At supper all sorts of conjectures were expressed as to the cause of the pest, its extent, and similar matters, but Rifle-Eye said nothing. Wilbur was so full of the news that he was hardly able to eat anything for the information he was just bursting to give. But he kept it in. Finally, when the men had all finished and pipes were lighted, the old Ranger spoke, in his slow, drawling way, and every one stopped to listen.

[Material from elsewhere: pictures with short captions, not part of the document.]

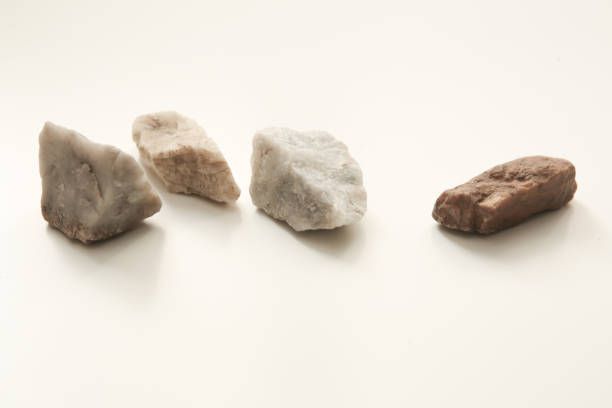 Natural minerals of rocks close-up on a light background, light soft focus background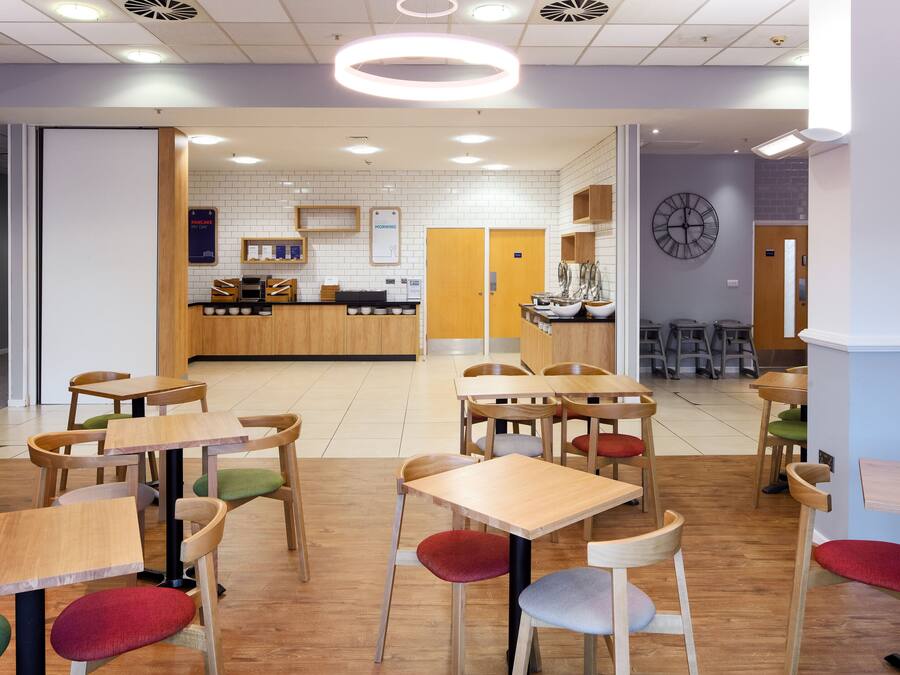 A modern restaurant with wooden tables and chairs, a counter, and a clock on the wall.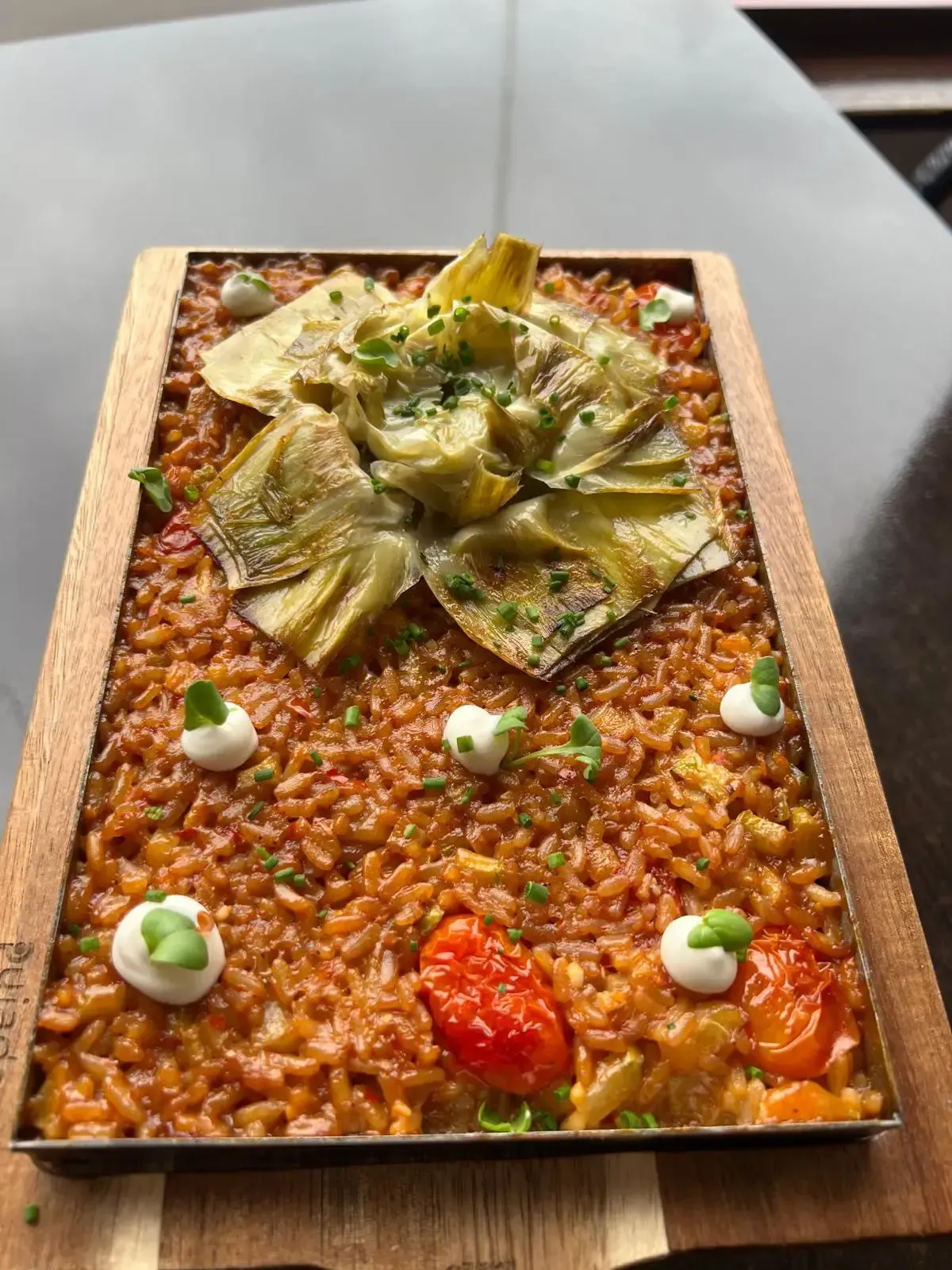 Una porción rectangular de risotto de color naranja, cubierto con corazones de alcachofa, tomates asados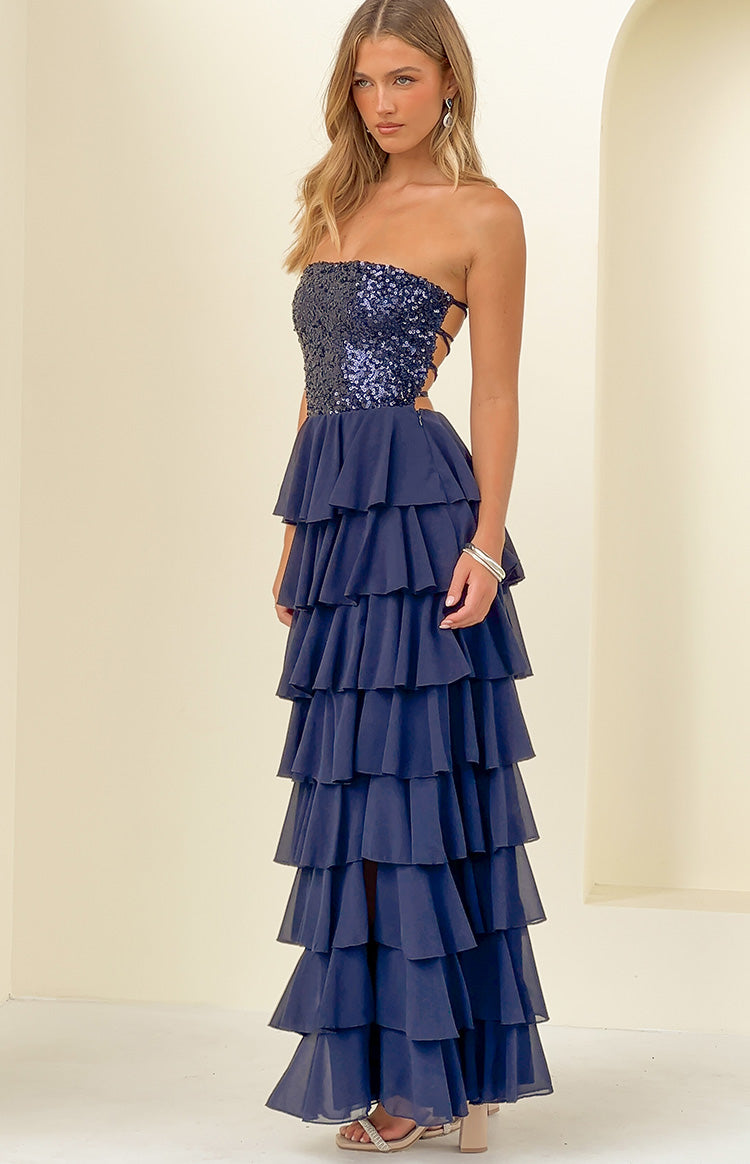 Side view of a navy strapless maxi dress with a sequin bodice, lace-up side cutouts, and a tiered ruffle skirt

"There's five of ye," he said, "that's found beetle, isn't there?"
"Yes," answered the Supervisor, "five."
"And I venture to bet," he continued, "that you found a dead tree lyin' in the middle of the infected patch!"
"Yes," said several voices, "we did."
"An' you didn't find much beetle except just round that one tree?"
"Not a bit," said one or two. "What about it?"
"There's a kind o' disease called Cholera," began Rifle-Eye in a conversational tone, "that drifts around a city in a queer sort o' way. It never hits two places at the same time, but if it goes up a street, it sort o' picks one side, an' stops at one place for a while then goes travelin' on. It acts jest as if a man was walkin' around, an' he was the cholera spirit himself."
"Well?" queried the Supervisor sharply.
The old Ranger smiled tolerantly at his impatience.